Markets, Tariffs, Rates – Craziness!!
When I take a step back, breathe, and assess the economic, market and political climate, I have to conclude we are approaching a time that may lead many to believe this is simply CRAZY!!
After rising 17% in the first 4 months of 2019, the S&P 500 is now up around 10%, and starting to reflect the true impact from Tariffs. The Bond market is signaling a possible recession and the Fed is now going to cut rates beginning in September. Bond yields on the 10 year US Treasury are at 2.14%, down from 2.69% on January 1st. Oil which was off to the races, has pulled back 20% from its recent high in April.
Last week we had the added news that the US has warned Mexico a 5% tariff will be imposed on $360 billion of imports beginning June 10th. This is a response citing Mexico has not cooperated in controlling the flow of immigration in the United States. Add this to China and what may happen with Europe and if anyone does not think we’re in a trade war, well…….!!
Last week saw the averages take it on the chin a bit with the Dow off (2.93%). The S&P 500 shrank (2.58%), the Russell 2000 lost (3.18%) and the Nasdaq Composite fell (2.41%). Over the pond, the MSCI EAFE International Index fell (1.85%) and the Emerging Market Stock Index GAINED 1.24%.

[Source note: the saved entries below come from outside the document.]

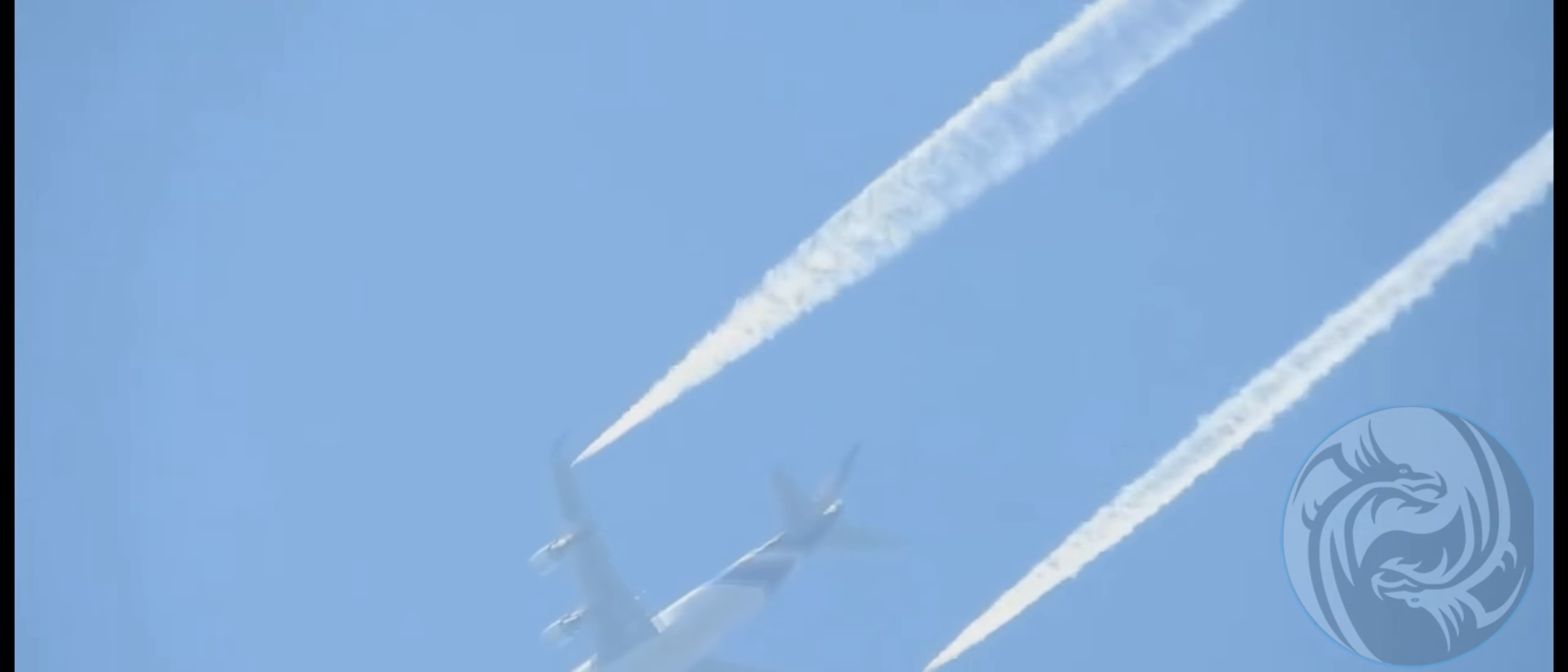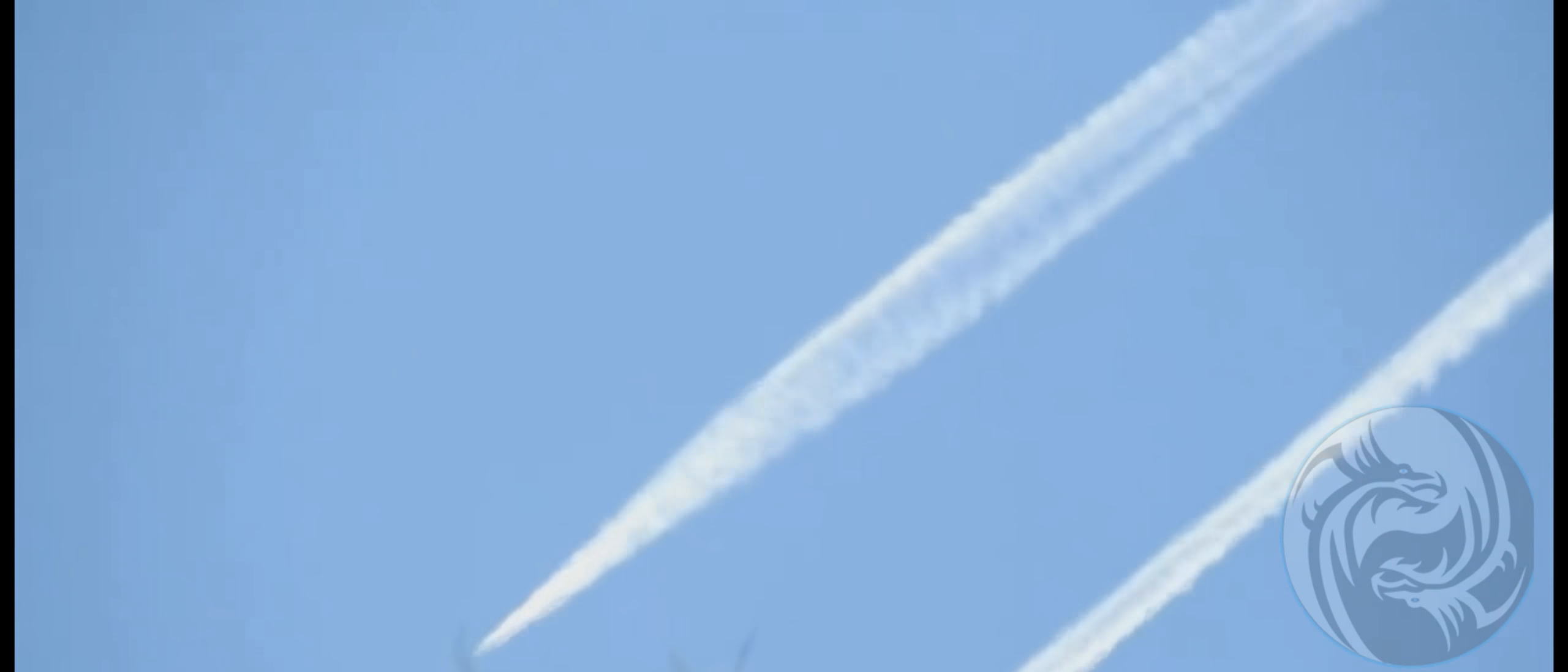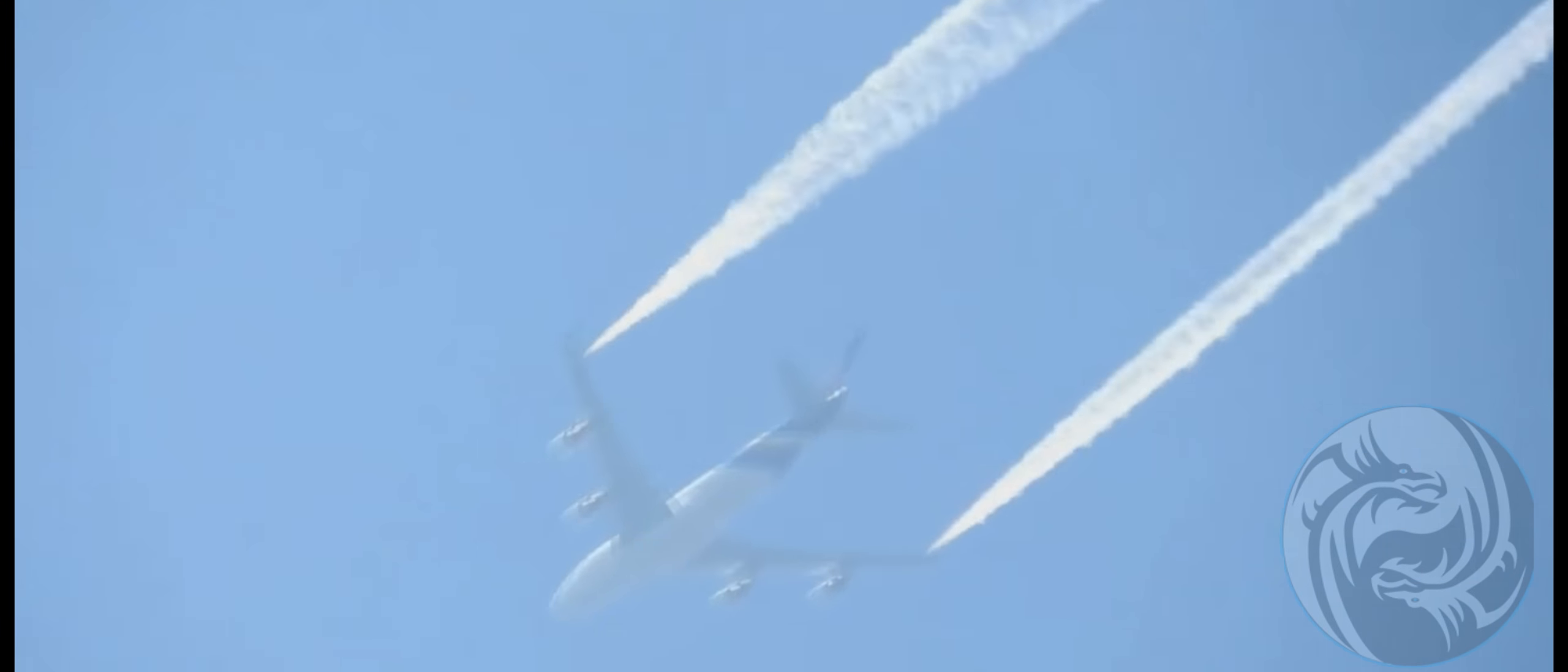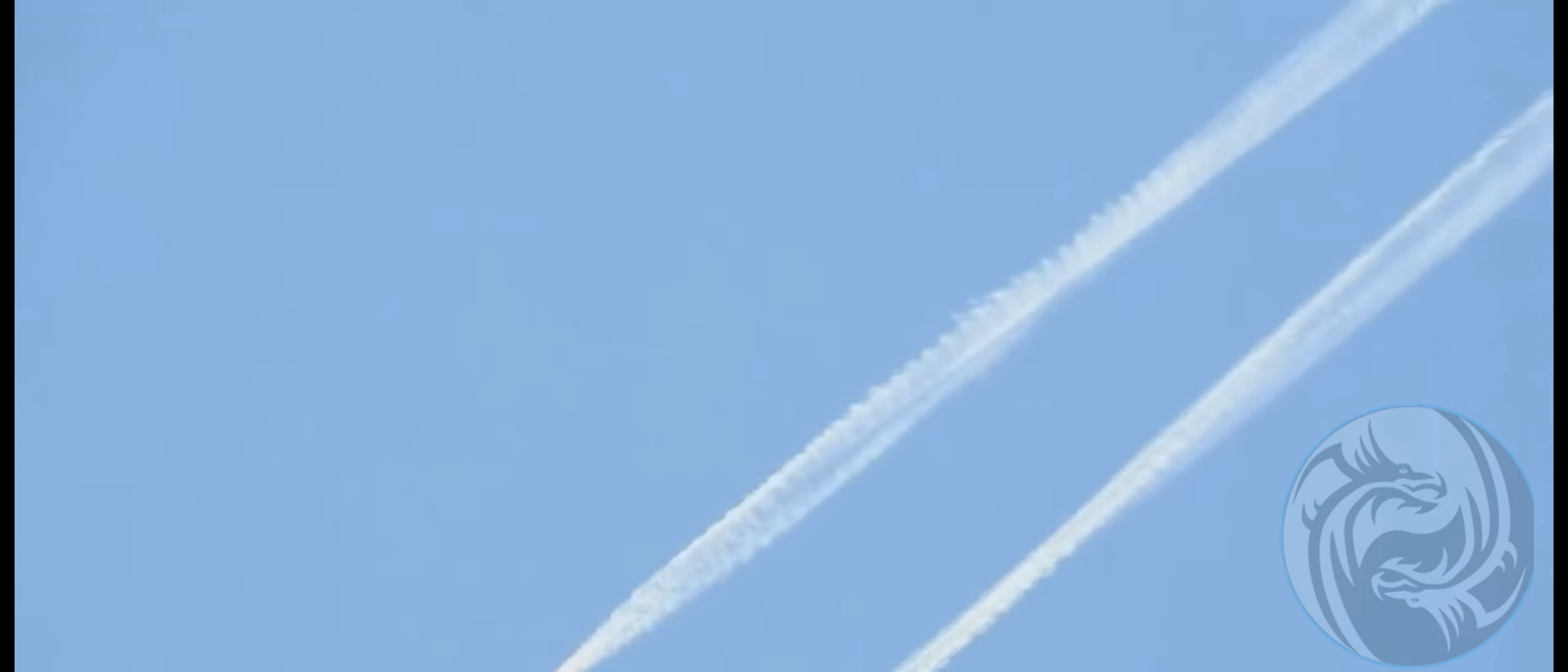The contrails, not the chemicals, the contrails occur because of cold air, minus 30. It takes high altitude, around 30,000 feet plus.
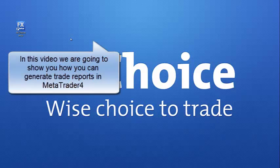Welcome to the FX Choice video series. In this video we're going to show you how you can generate trade reports from your MT4 platform.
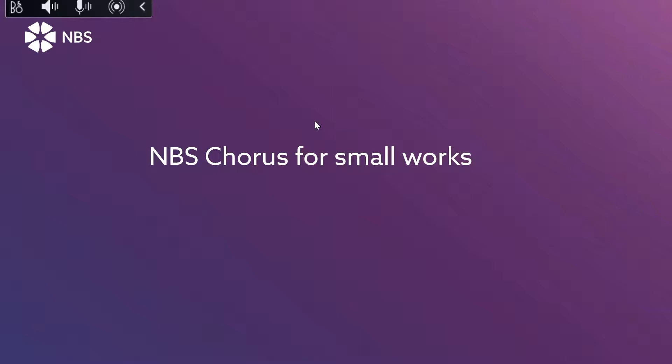Hi everyone and welcome to today's webinar, MBS Chorus for Small Works. Thanks for joining. My name is Kate Brown and I work in the marketing team here at MBS. On today's webinar we are going to showcase MBS Chorus for Small Works and the benefits it will bring to your practice.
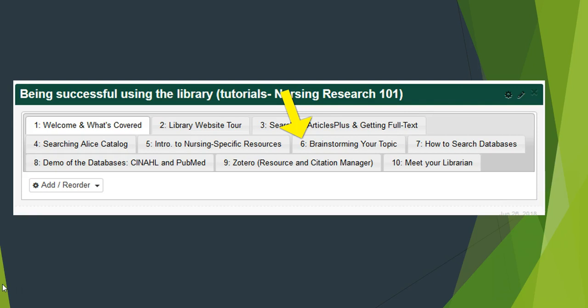Video 6: Let's say you have an assignment that says pick a topic that relates to nursing and it needs to be current, and you're thinking, I have no idea where to start. This video tells you where to start when it comes to brainstorming and getting your topic off the ground.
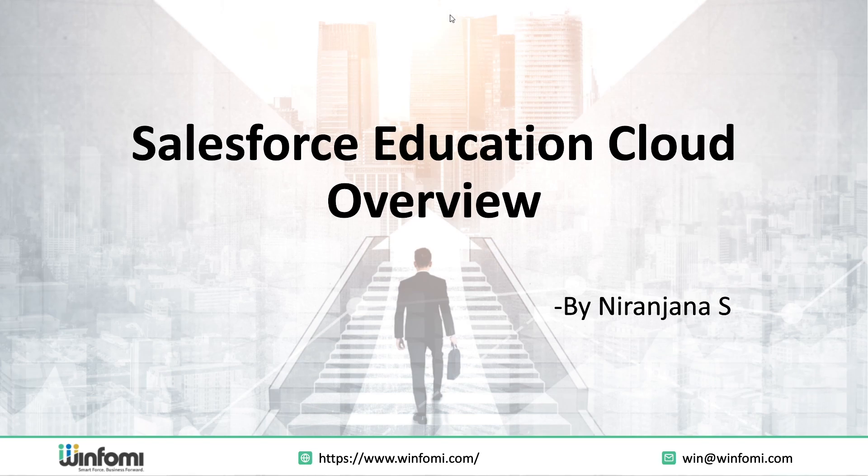Hello everyone, today's session is on Salesforce Education Cloud, a comprehensive CRM platform tailored specifically for education institutions.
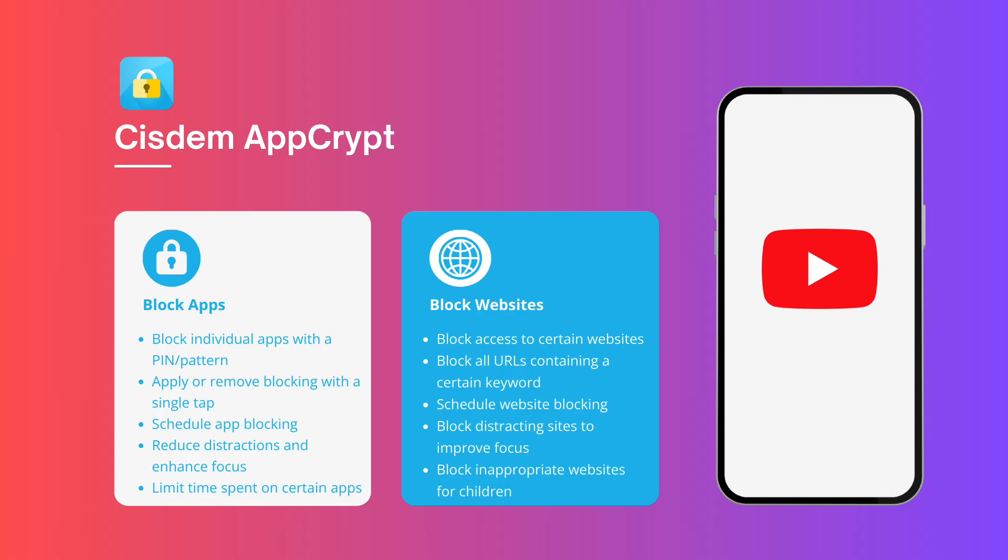It's free now. System AppCrypt is also available for Windows and Mac.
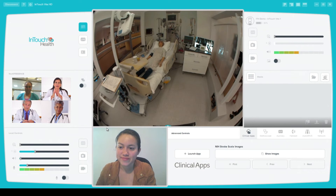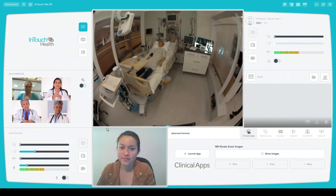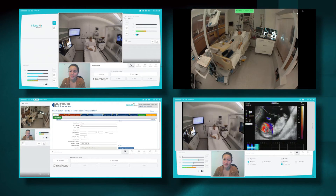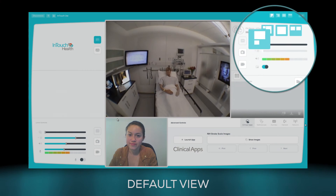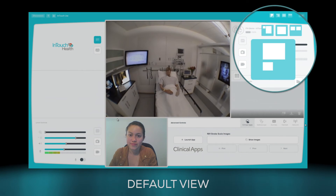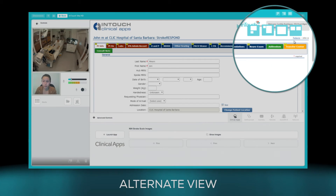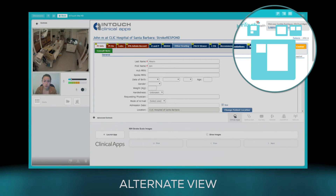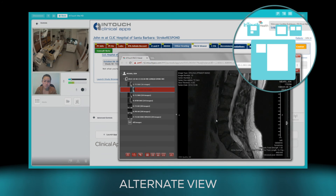Now you can see more multi-presence users on your screen at the same time. There are four different views, including the default view where you have access to all the controls, and the alternate view used to consult while updating patient records and referencing radiological studies.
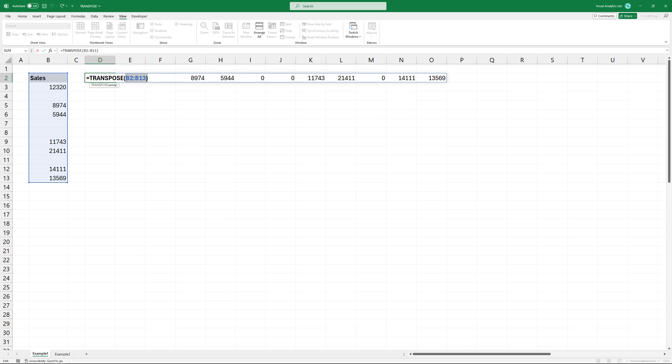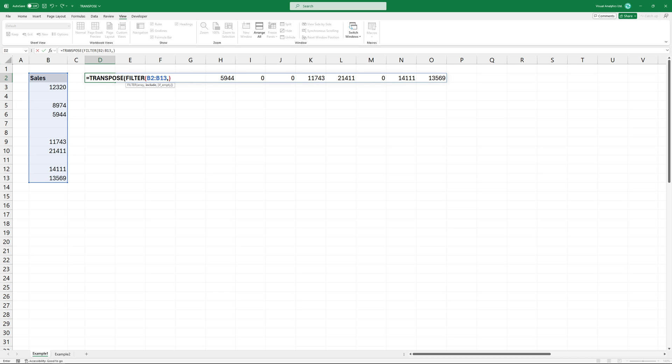Try to use the filter function inside the transpose formula. Add the first argument, the array you want to filter. Highlight range B2 to B13. The second argument is include, you can add your criteria here.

Bonds yields shrank, increasing the pricing of the Barclays Aggregate Bond Index .92%.
So the “Sell in May” part of the phrase (like I blogged about last week) has happened….. The back half, “Go Away” is yet to be determined. Last week we discussed the historical performance of that somewhat famous market phrase.
With all the craziness going on, it’s interesting that all Major Stock and Bond Indexes are still well into the Green for 2019! And that my friends, is certainly good!!
The question for the stock market is simple! How will the totality of the tariffs impact Corporate Profitability? At this point, I’m thinking the “stock” market thinks its negligible. The Bond market on the other hand believes the worst may yet to come. What will happen?
As always time will tell!
And as always, having your investable assets positioned based on your current and future consumptions needs is critically important, especially in the later stages of an economic cycle!
Question of the Week…
Social Security Earning Test: If you begin collecting your Social Security benefit prior to YOUR Social Security Full Retirement Age and you have income over a $17,640, you’ll lose $1 in SS benefits for every $2 you earn over that threshold. In the year you turn Social Security Full Retirement Age, the threshold is increased to $46,290 and you’ll lose $1 for every $3.
The question is what types of income will offset your Own Social Security Retirement Benefit?
- Unearned income
- Your Earned Income
- Your Spouses Income
- Your Earned Income and Your Spouses Income
- None of the above
Answer to last week’s question…!
In 2018, which country imported the most OIL?
- United States
The correct answer is # 4 — China. In 2018, China imported $239.2 Billion worth of Oil. The United States imported $163.1 Billion, for the record.